The district is now well into the environmental impact phase of the planning process and expects to release a draft proposal for public comment by the end of January.
Yet the $7 billion price tag keeps Bednarski up at night. Metropolitan is no stranger to big projects. It owns nearly half the water coming through the State Water Project south of the San Luis Reservoir. It will have a large role in financing Newsom’s Delta Conveyance Project, a $20 billion tunnel to shore up water deliveries amid threats of earthquakes and sea level rise. The district’s board of directors is also considering an investment in Sites Reservoir to store more during wet years.
But the money is drying up as well. The district has built its infrastructure legacy by selling nearly 2 million acre-feet of water to its customers every year. With new conservation measures in place, local providers have cut down on purchases and the volume has dropped to 1.3 million.

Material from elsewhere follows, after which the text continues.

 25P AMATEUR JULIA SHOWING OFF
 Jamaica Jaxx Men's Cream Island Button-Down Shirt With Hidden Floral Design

That has led the district to form unlikely allies across its border. The operational guidelines for the Colorado River expired in 2016 and the U.S. Bureau of Reclamation has been shepherding the basin states through negotiations over a long-term plan that accounts for climate change. Since California has senior water rights, its drier neighbors have been faced with difficult decisions to somehow conserve and store more. Knocking on the door of Metropolitan were the Southern Nevada Water Authority and the Arizona Department of Water Resources, which manages more than 300 miles of aqueducts and pipelines within the Central Arizona Project.
Bednarski said Metropolitan is considering the proposition. Arizona and Nevada would invest in the recycling project in exchange for the district transferring a portion of its river allocation to them. Reclamation has given its blessing to the proposal. According to Bednarski, Southern Nevada has set aside about $750 million for the project, with an expected return of up to 20,000 acre-feet per year. Arizona is contemplating a similar number, he said.
“We're optimistic that by about a year from now, we'll have a real framework for those two agreements,” he said. “We'll be able to work those into the ongoing regulation discussions with the Bureau of Reclamation.”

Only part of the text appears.